◆ **What is expected**: The answer consists of the lines from the line holding "Бампер передний BMW" through the last line of the entries, retyped exactly, and nothing else. No pictures belong in it.

◆ **Supplied information**:

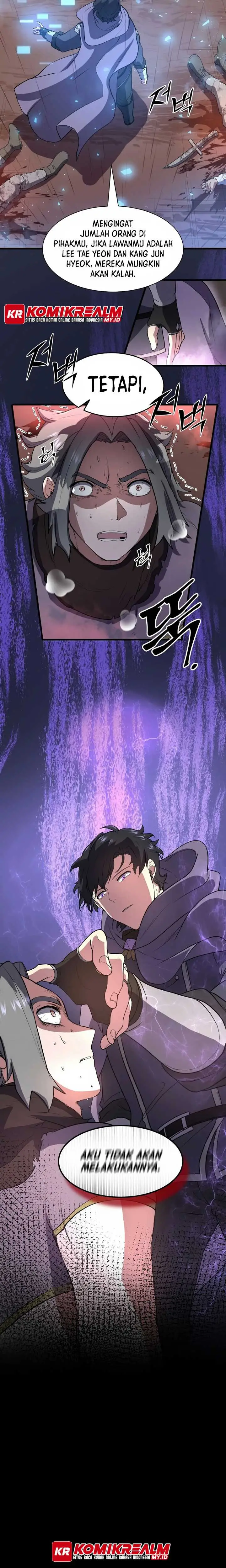 image-komik-leveling-up-with-skills-chapter-41-25/28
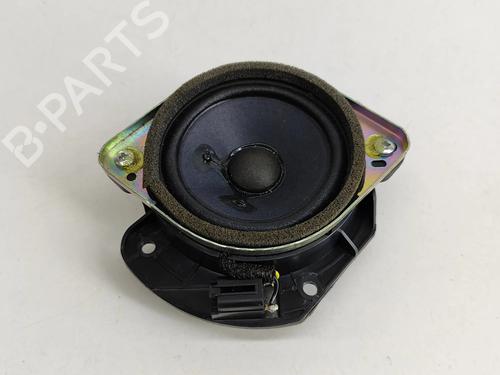 speakers-ford-usa-mustang-coupe-23-ecoboost-fr3t19b140bd-2014-2015-2016-2017-2018-2019-2020-2021-2022-2023-19645558 main image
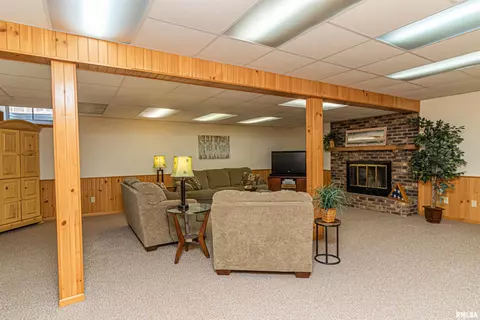 42 Waldheim Rd, Morton, IL 61550 photo 50
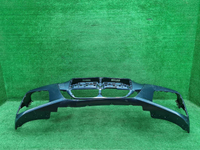 Бампер передний BMW 4er G22 (2020-н.в.) M-paket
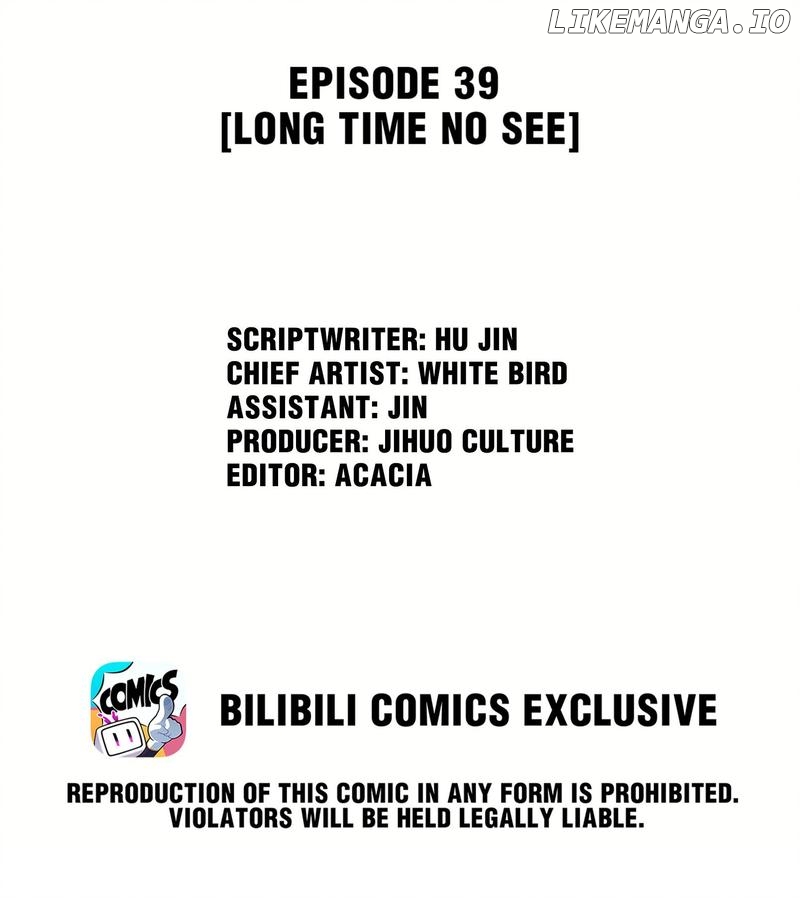 Let’s Get Rich Quick! Mr. Evil Dragon Chapter 39 - page 2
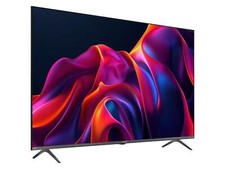 Sharp ultra smart gebraucht kaufen  Zehdenick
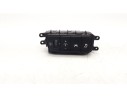 MANDO MULTIFUNCION 93700G5040WK 93700G5040WK 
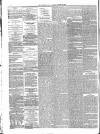 Liverpool Mail Saturday 30 August 1856 Page 2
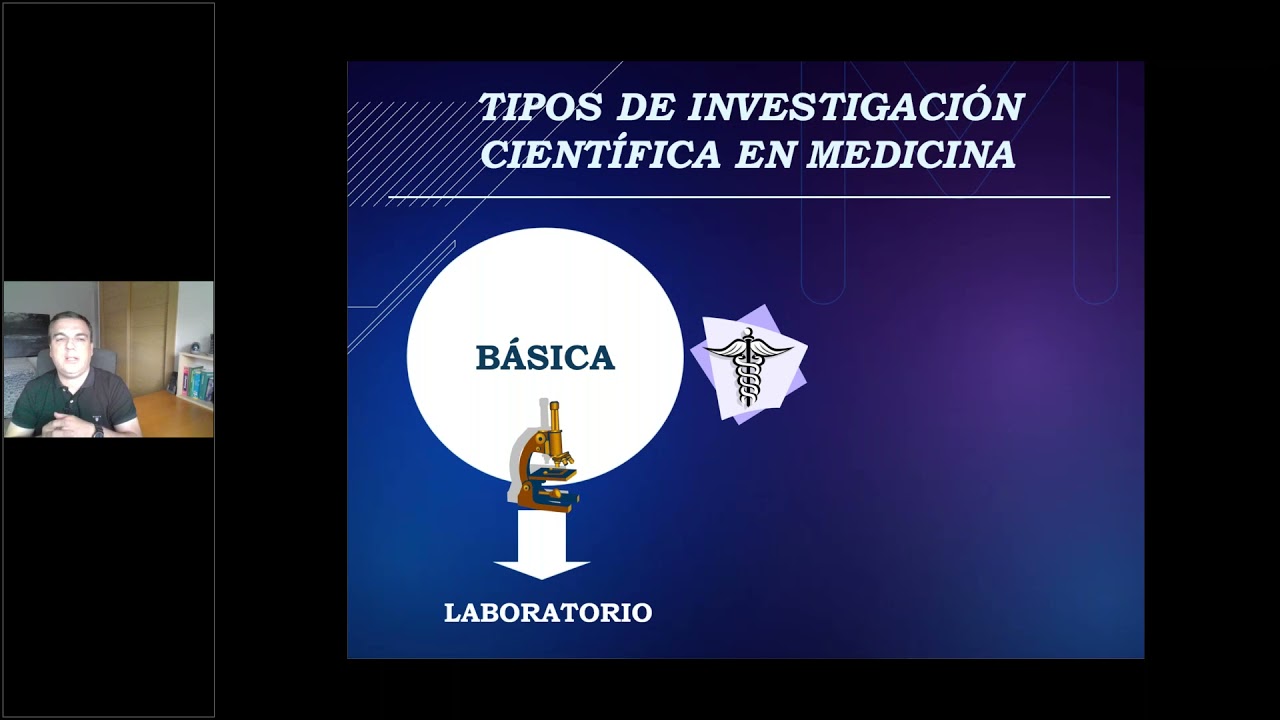 Ensayos clínicos en pacientes con mieloma múltiple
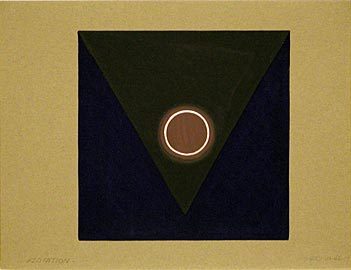 Flotation (1966), paper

◆ **Answer to this task**:
 Бампер передний BMW 4er G22 (2020-н.в.) M-paket
 Let’s Get Rich Quick! Mr. Evil Dragon Chapter 39 - page 2
 Sharp ultra smart gebraucht kaufen  Zehdenick
 MANDO MULTIFUNCION 93700G5040WK 93700G5040WK 
 Liverpool Mail Saturday 30 August 1856 Page 2
 Ensayos clínicos en pacientes con mieloma múltiple
 Flotation (1966), paper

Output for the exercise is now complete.